Friday, February 7, 2020

Understand Apache Beam runners: focus on the Spark runner

🕥 5 min.

Previously on Apache Beam runners 😀


In the previous article, we had a brief overview of what an Apache Beam runner is. This article will dig into more details.

The previous article introduced this very simple pipeline:

We saw that the Beam SDK translates this pipeline into a DAG representing the pipeline in the form of Beam transform nodes. Now let's see how a Beam runner translates this DAG. Let's say that the user choses Apache Spark as the target Big Data platform when he launches his pipeline.

The runner (at last)


The job of the runner is to translate the pipeline DAG into a native pipeline code for the targeted Big Data platform. It is this native code that will be executed by a Big Data cluster.
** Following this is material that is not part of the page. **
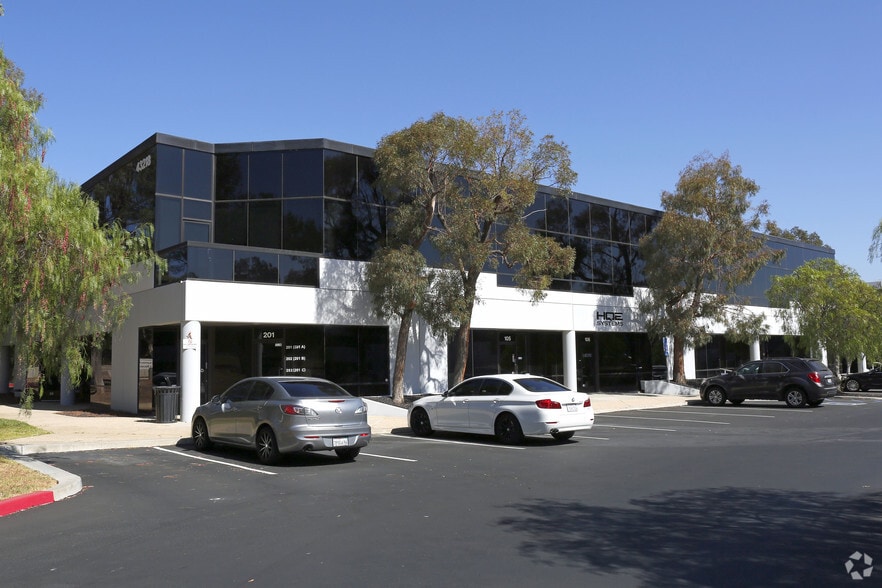 43218-43280 Business Park Dr, Temecula, CA for lease - Building Photo - Image 2 of 10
If Spark is chosen, then the runner translates this DAG below into the Spark native pipeline code below. For the sake of simplicity the Spark pipeline is pseudo-code.
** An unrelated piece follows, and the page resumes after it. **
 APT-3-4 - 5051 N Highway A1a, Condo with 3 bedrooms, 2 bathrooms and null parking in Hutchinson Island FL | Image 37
Composite and primitive transforms: the level of translation


In the previous article we talked about Beam transforms (primitive transforms and composite transforms). In the continuation of the blog, we will refer to "composite transform" as just "composite" and "primitive transform" as just "primitive".
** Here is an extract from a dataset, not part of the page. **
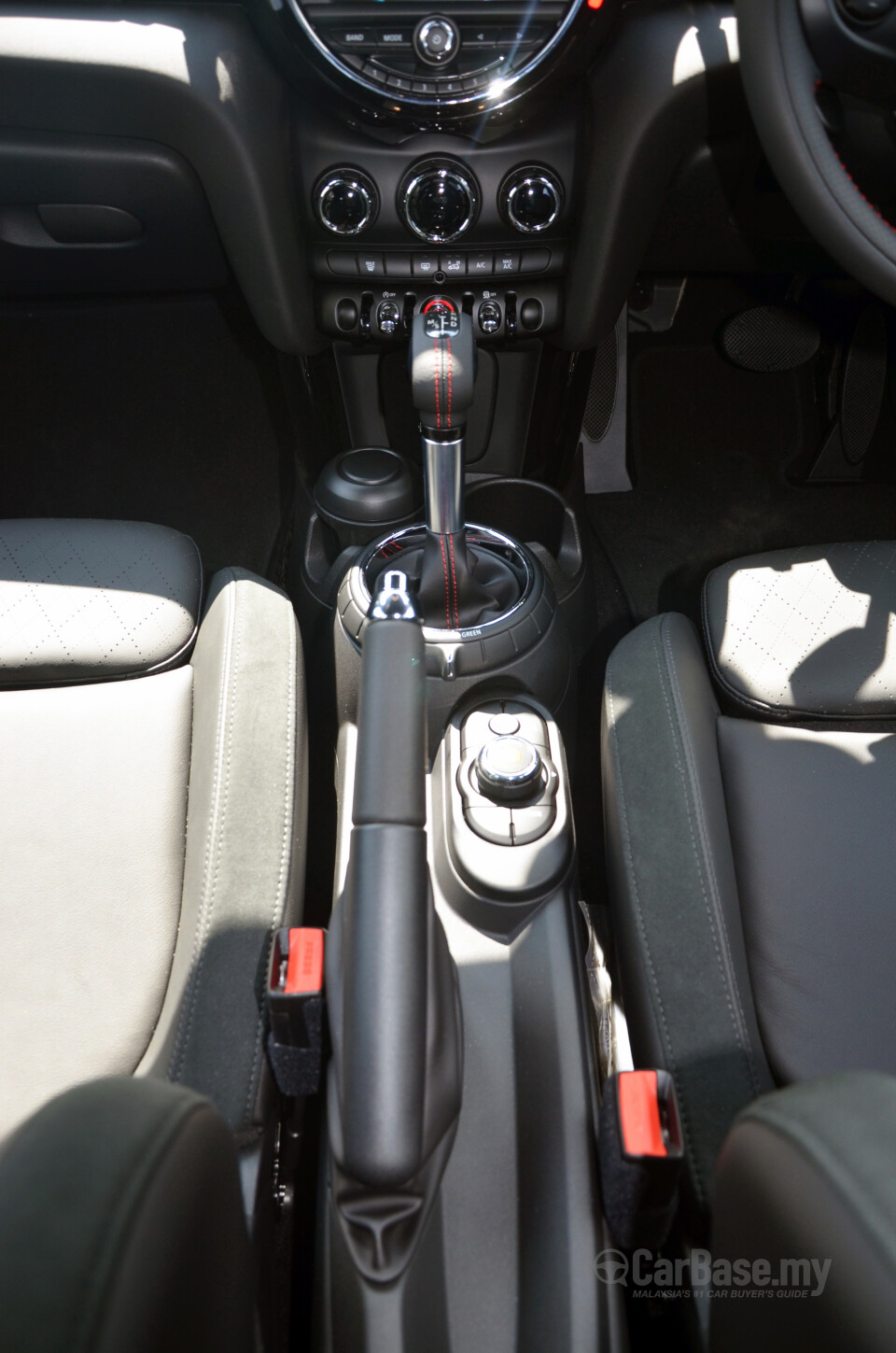 Perodua Aruz D38L (2019) Interior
The DAG above is the expanded DAG: on the left hand-side are the Beam transforms of the user pipeline. But among these transforms only Read is a primitive. The others are implemented by Beam SDK as composites of other primitives. Composites can also be made of composites themselves (like Count transform is made of Combine transform) but in the end they are always made of primitives (Pardo or GroupByKey). And these primitives are what the runner translates.

But in some cases, the runner can chose to translate at a composite level of the graph, not at a primitive level depending on the target Big Data technology capabilities. Indeed, if there is a direct correspondance of the Beam composite in the target API, the runner does not decompose the composite into its primitives and translates directly the composite. The green boxes in the DAG represent the level of translation. In our example, there is a direct equivalent of Beam Combine composite to a Spark Aggregator (agg in the Spark pipeline).

The translation itself


The translation occurs when the pipeline is run (pipeline.run() is executed). To translate the DAG, the runner visits the graph. All Beam runners work the same, only the target API changes with the chosen runner.

The first step is to detect the translation mode (batch or streaming) by searching for Beam BoundedSource (like Elasticsearch for example) or UnBoundedSource (like Kafka for example). Knowing the translation mode, the runner can chose
  • the proper Spark DataSourceV2 to instantiate either implementing ReadSupport (batch) or MicroBatchReadSupport (streaming)
  • the proper Spark action to execute on the output dataset either foreach (batch) or writeStream (streaming)

Then the DAG visit continues and each node is translated to the target native API : Read gets translated to a Spark DataSourceV2 that creates the input dataset, Pardo gets translated to a Spark flatmap that is applied to the input dataset and so on until the output dataset.

Pipeline run


When the visit of the DAG is done, the runner applies the action chosen above to the output dataset to run the pipeline. At this point the spark framework executes the resulting native Spark pipeline.